Extracted entries —
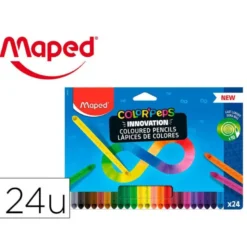 LAPICES DE COLORES MAPED COLOR PEPS INFINITY CAJA DE 24 COLORES SURTIDOS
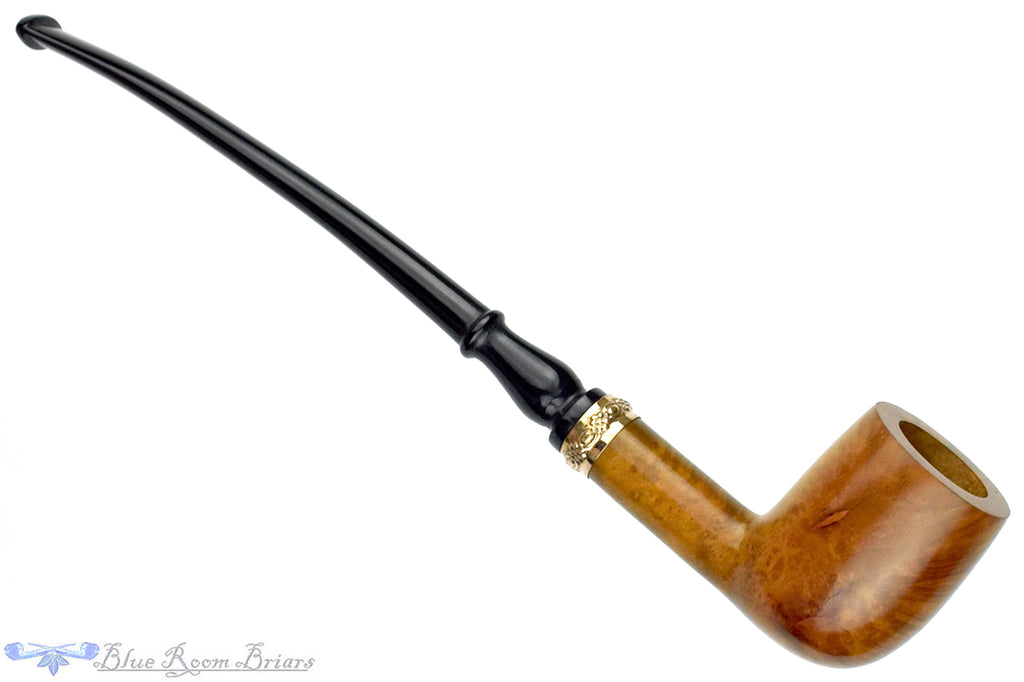 Blue Room Briars is proud to present this Genod Pipe Bent Billiard Demi-Warden with Copper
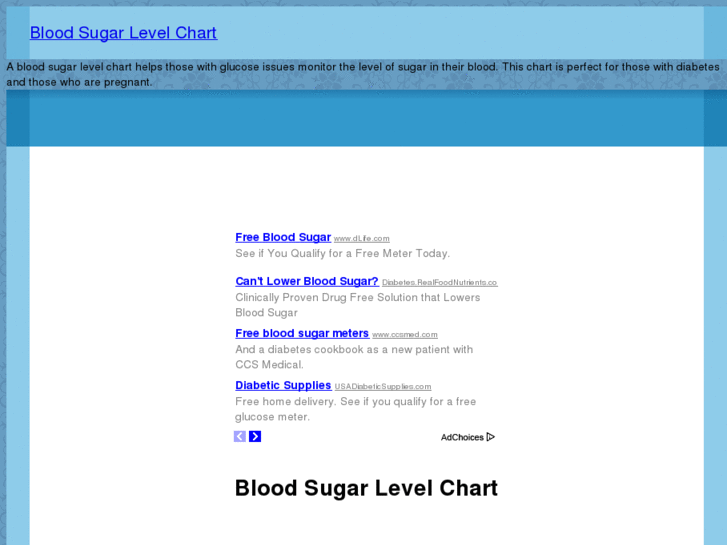 www.bloodsugarlevelchart.com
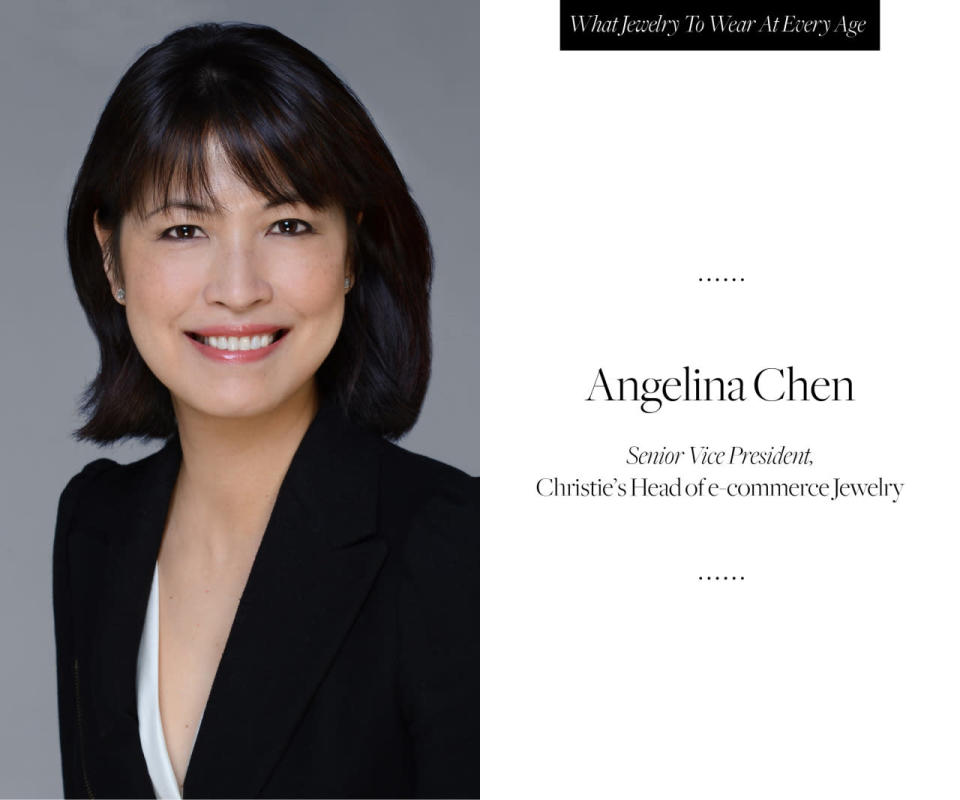 Angelina Chen, Senior Vice President of Christie’s Head of e-commerce Jewelry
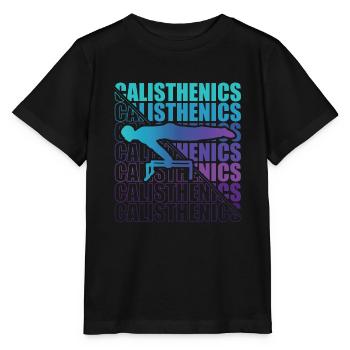 Calisthenics Street Workout Gymnastics Fitness - Stanley/Stella MINI CREATOR Kids’ T-Shirt - black - Front - Mikhail (115cm)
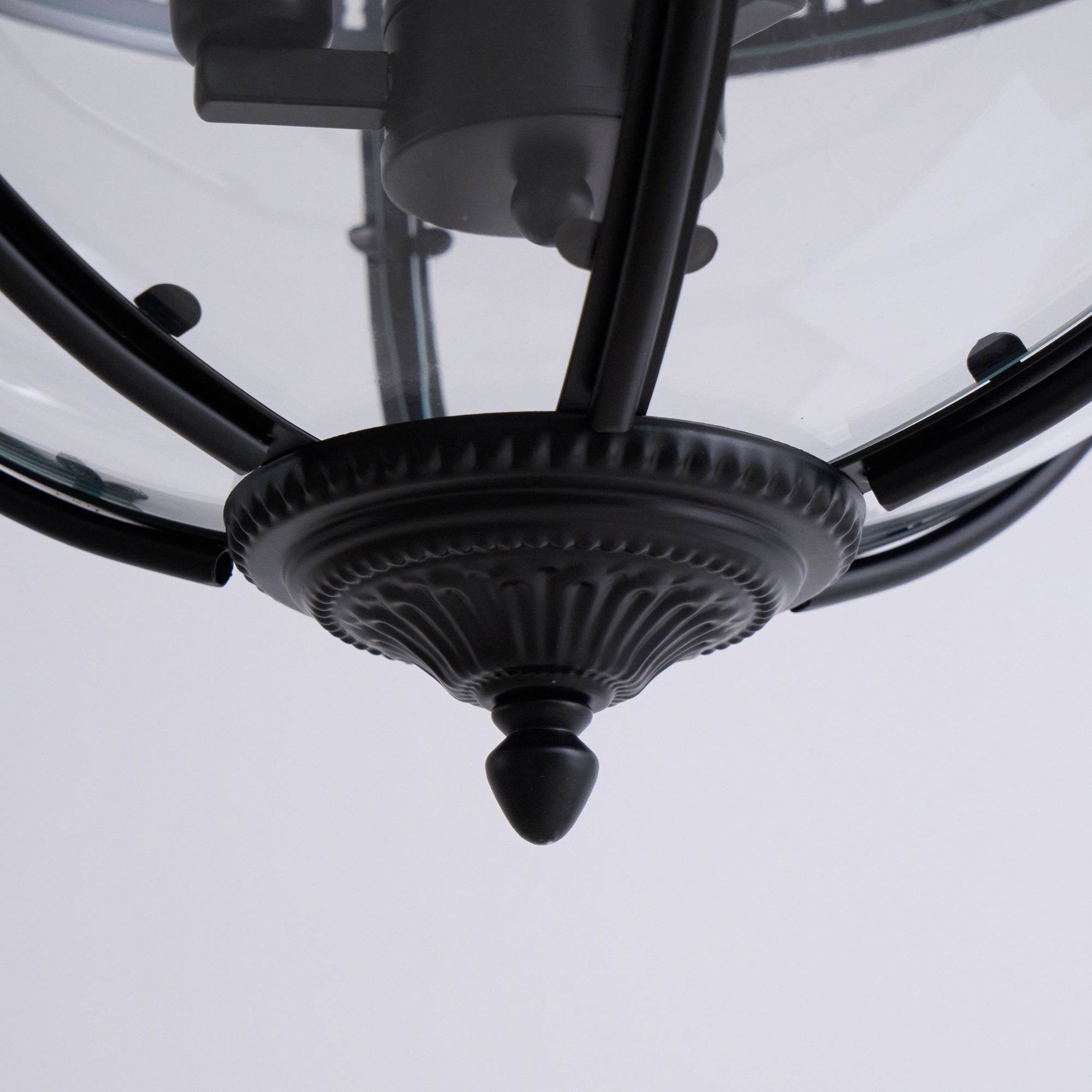 Vintage Glass Pendant Light Industrial Globe Hanging Fixture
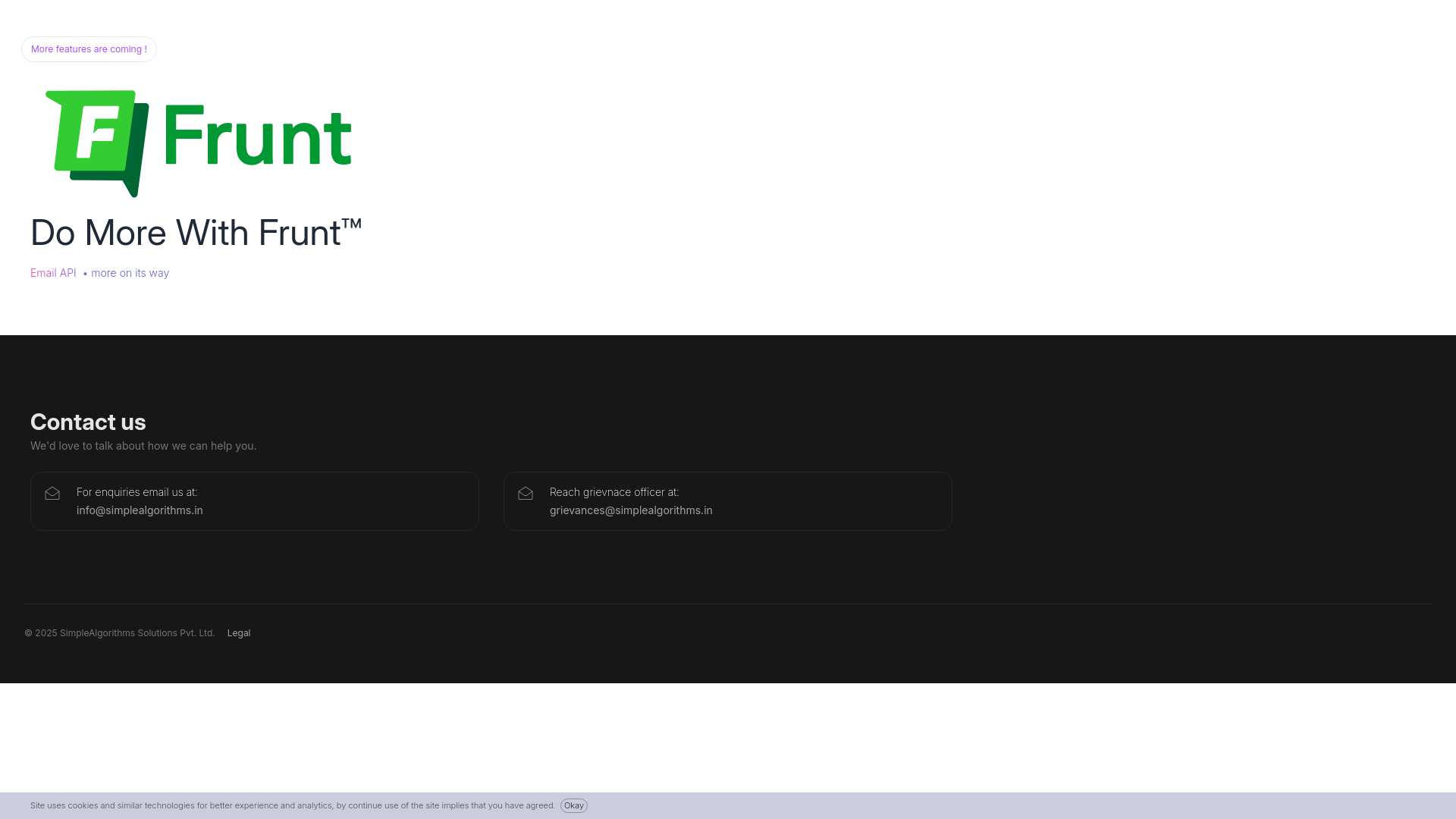 website screenshot of https://frunt-website.pages.dev/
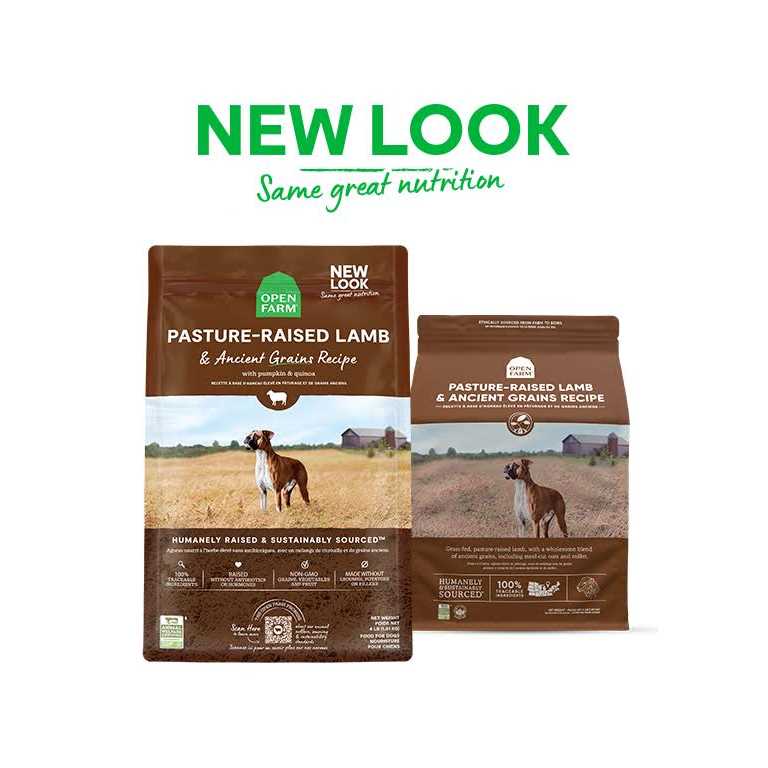 Pasture Raised Lamb Ancient Grains Dry Dog Food M96040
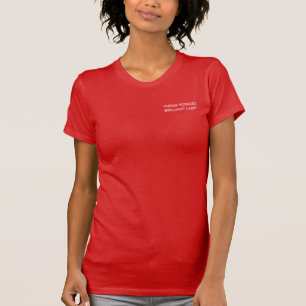 T-shirt Canal de Panama Première fois avant et arrière bla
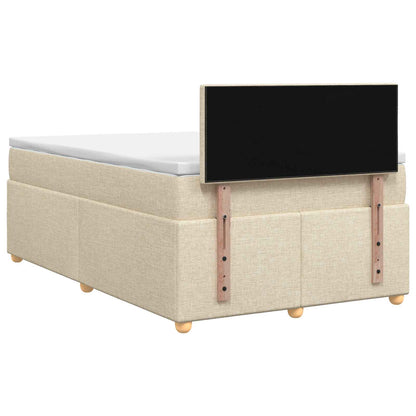 Letto box spring con materasso Crema 120 x 190 cm Tessuto | homemem39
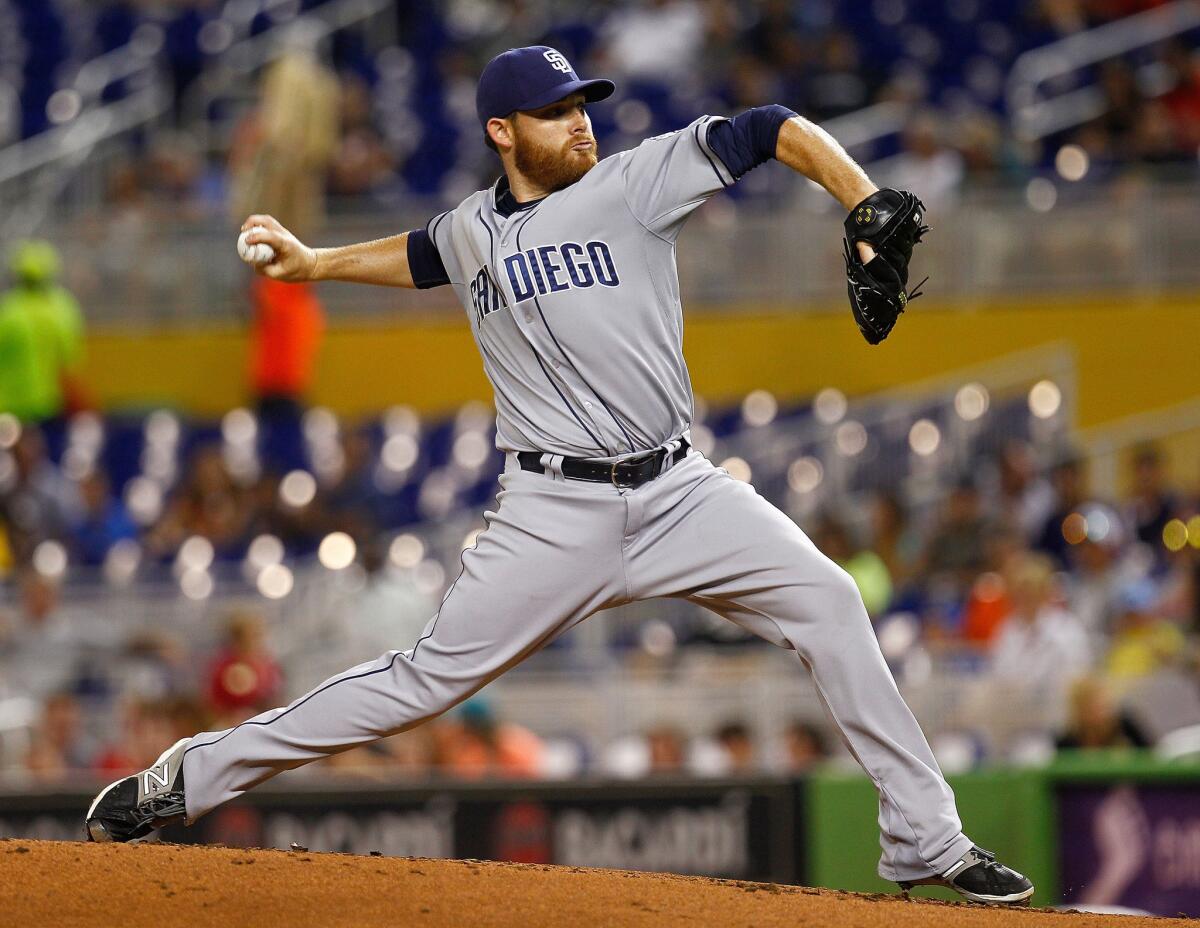 Right-hander Ian Kennedy went 9-15 with a 4.28 ERA for the San Diego Padres last season.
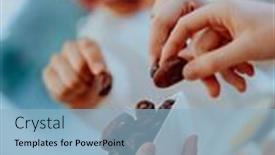  Presentation with feast - PPT theme consisting of modern-multiethnic-muslim-family-sharing background and a light blue colored foreground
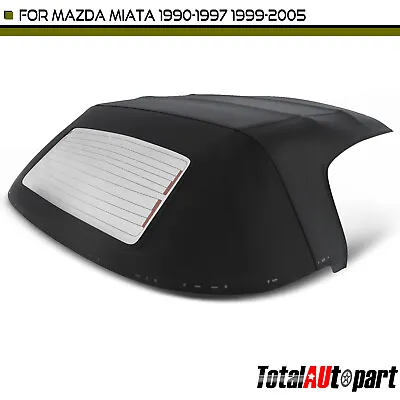 New Black Convertible Soft Top For Mazda Miata 1990-1997 99-05 W/ Glass Window • $195.99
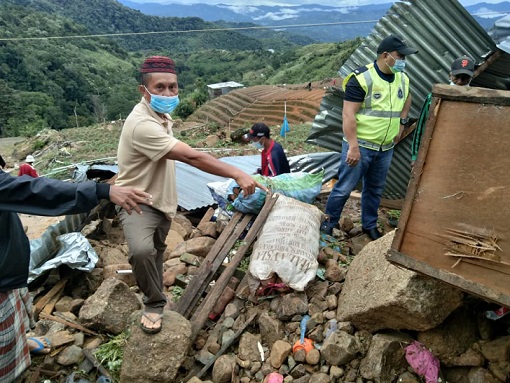 Villager killed as house hit by landslide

Instructions for the task — Omit the pictures and print the listing exactly.

Exercise response —
 LAPICES DE COLORES MAPED COLOR PEPS INFINITY CAJA DE 24 COLORES SURTIDOS
 Blue Room Briars is proud to present this Genod Pipe Bent Billiard Demi-Warden with Copper
 www.bloodsugarlevelchart.com
 Angelina Chen, Senior Vice President of Christie’s Head of e-commerce Jewelry
 Calisthenics Street Workout Gymnastics Fitness - Stanley/Stella MINI CREATOR Kids’ T-Shirt - black - Front - Mikhail (115cm)
 Vintage Glass Pendant Light Industrial Globe Hanging Fixture
 website screenshot of https://frunt-website.pages.dev/
 Pasture Raised Lamb Ancient Grains Dry Dog Food M96040
 T-shirt Canal de Panama Première fois avant et arrière bla
 Letto box spring con materasso Crema 120 x 190 cm Tessuto | homemem39
 Right-hander Ian Kennedy went 9-15 with a 4.28 ERA for the San Diego Padres last season.
  Presentation with feast - PPT theme consisting of modern-multiethnic-muslim-family-sharing background and a light blue colored foreground
 New Black Convertible Soft Top For Mazda Miata 1990-1997 99-05 W/ Glass Window • $195.99
 Villager killed as house hit by landslide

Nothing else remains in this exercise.